You're right. I strongly urge you to try it before buying as it's such a weird board. I didn't try it but I found it to my liking so I guess I was lucky. It seems people love the Nug or hate it. A lot of people here also hate Burton in general so you can't get a non-biased review on this forum.


----------



## thetraveler (Feb 24, 2010)

Dioxin01 said:


> Sorry. Didn't realize that there was only one all mountain freestyle board being manufactured. I should've known. The Nug was designed for all mountain and was one of winning 2011 Good Wood Park boards.


first of all, i dont give a crap if the Nug got the Nobel prize for physics or if it won the good wood or whatever - do you even know how the good wood test works?

...and you're clearly avoiding my point - the Nug does not come anywhere near the TRice, DH, Custom, Agent, and many other all mountain freestyle boards in terms of off-piste performance. just because they call it an all-mountain freestyle board don't make it so. geddit?


----------



## Dioxin01 (Mar 20, 2011)

thetraveler said:


> first of all, i dont give a crap if the Nug got the Nobel prize for physics or if it won the good wood or whatever - do you even know how the good wood test works?
> 
> ...and you're clearly avoiding my point - the Nug does not come anywhere near the TRice, DH, Custom, Agent, and many other all mountain freestyle boards in terms of off-piste performance. just because they call it an all-mountain freestyle board don't make it so. geddit?
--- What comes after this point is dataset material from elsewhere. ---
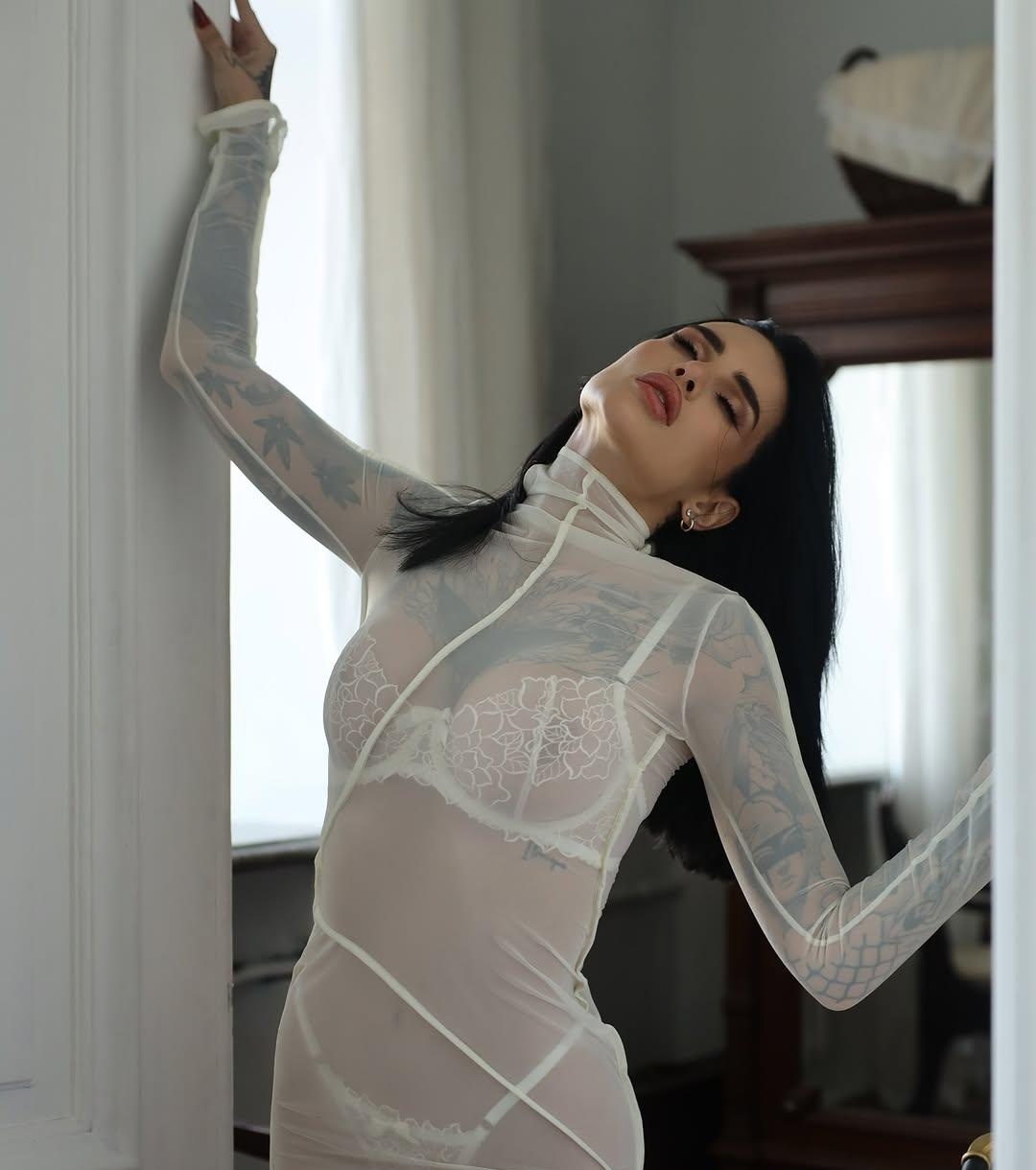 Ева привлекальеная девушка из Йошкар-Олы цена от 10000 руб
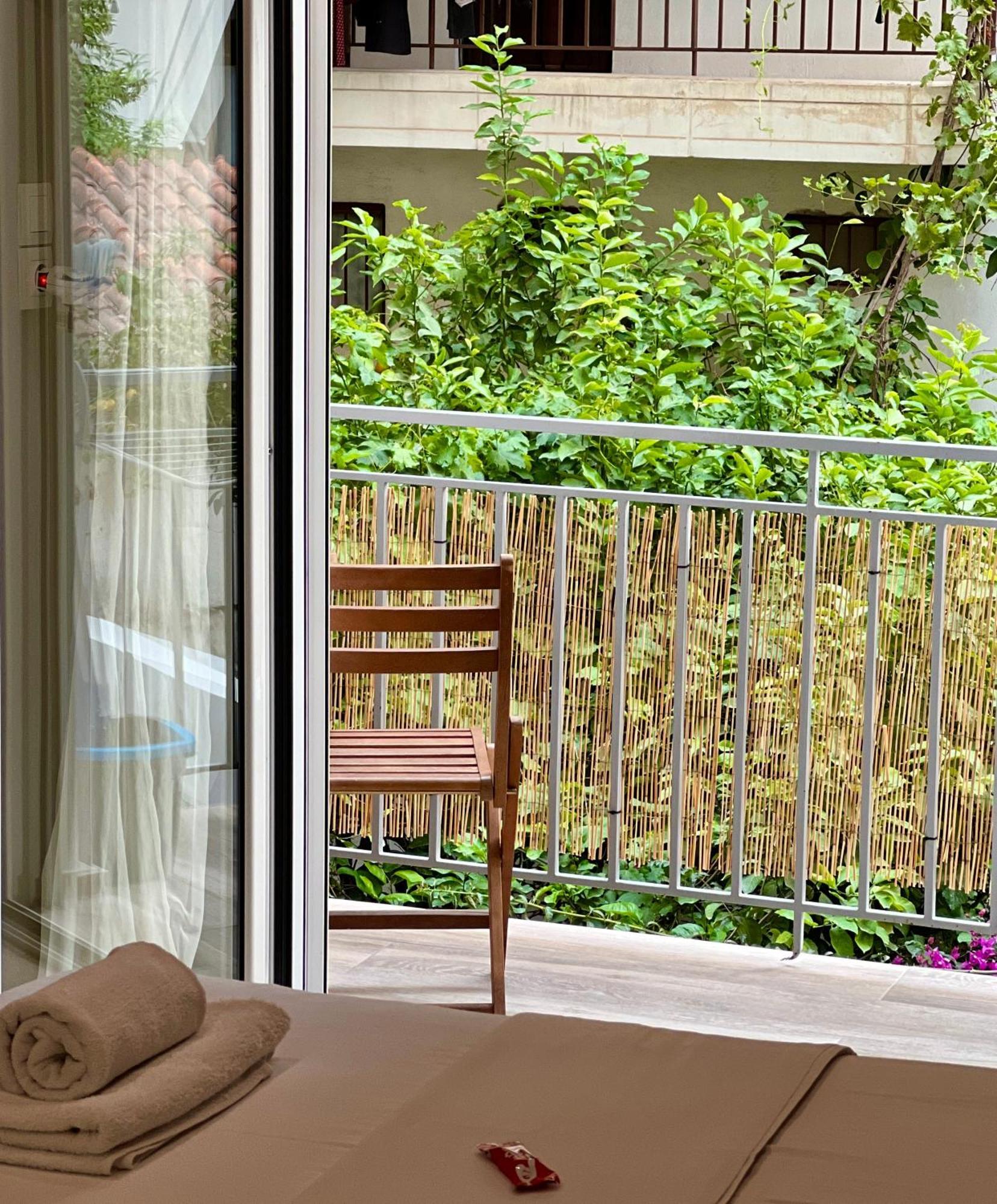 Emerald Lux Apartment Atene Esterno foto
Yes I do know how the Good Wood test works thank you.
I guess a lot of it also has to do with personal preference. I have a 2011 Custom and I like the Nug a lot more (hurts to say that; feels like I'm picking a favorite child).


----------



## BurtonAvenger (Aug 14, 2007)

HAHAHA Good Wood what a fucking joke. I'll take pictures of the test when it happens next month. Nothing like riding Breck in 50 degree weather, corn snow slush, making 1 lap on a board through a park.


----------



## Dioxin01 (Mar 20, 2011)

BurtonAvenger said:


> HAHAHA Good Wood what a fucking joke. I'll take pictures of the test when it happens next month. Nothing like riding Breck in 50 degree weather, corn snow slush, making 1 lap on a board through a park.


Ok so maybe they're not tested in the best conditions. However, I understand you tested the Nug, how many runs did you take it on?


----------



## BurtonAvenger (Aug 14, 2007)

I rode it for like 2 plus hours at a resort with 0 lift lines and a shit ton more vertical than the park at Breck has.


----------



## Dioxin01 (Mar 20, 2011)

Alright cool. I actually consulted your review when buying the board.


----------